Problem to solve: From the line with "Shirtless man exercising with dumbbell" down to the final line of the material, please transcribe everything exactly, but leave the pictures out.
Segment Start: Collected material
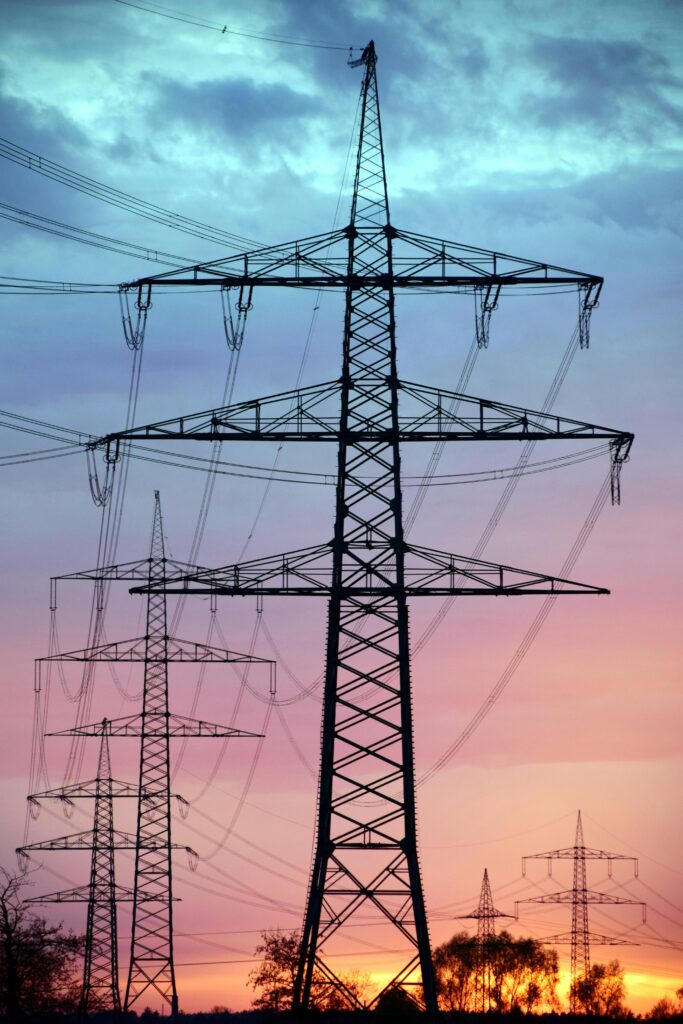 Electricity pylons silhouetted against a dramatic sunset sky, illustrating high voltage transmission infrastructure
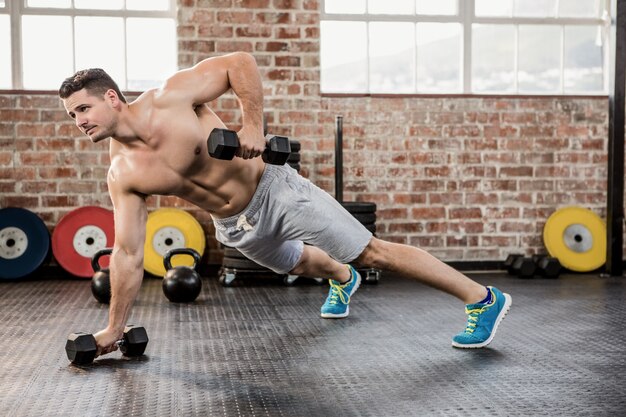 Shirtless man exercising with dumbbell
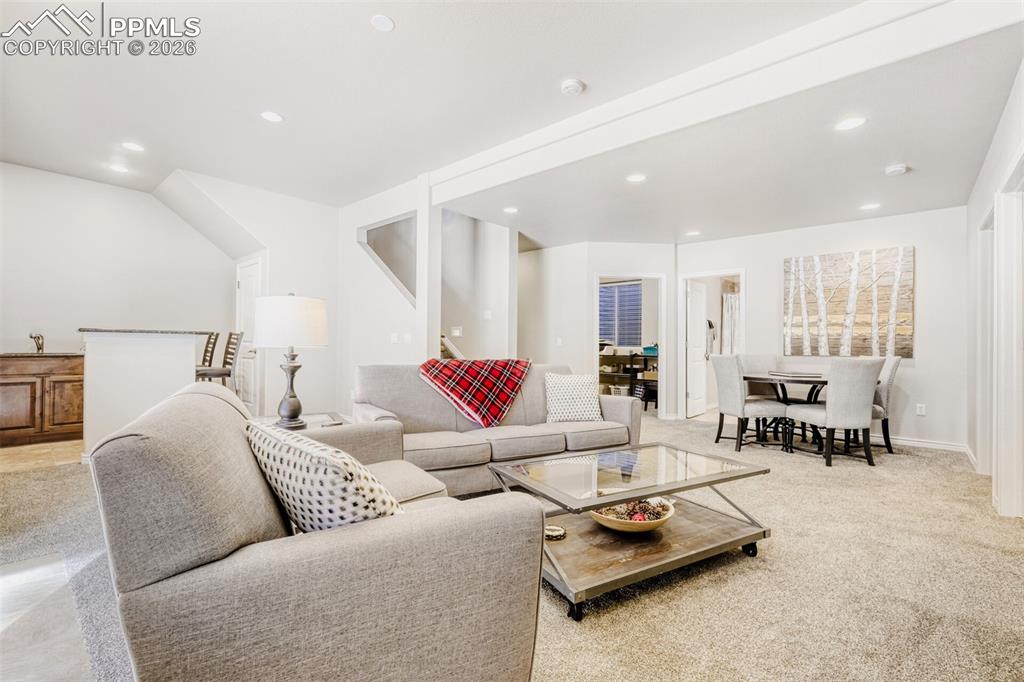 Basement Living area with game area and complete wet bar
Segment End: Collected material
Response to the task:
 Shirtless man exercising with dumbbell
 Basement Living area with game area and complete wet bar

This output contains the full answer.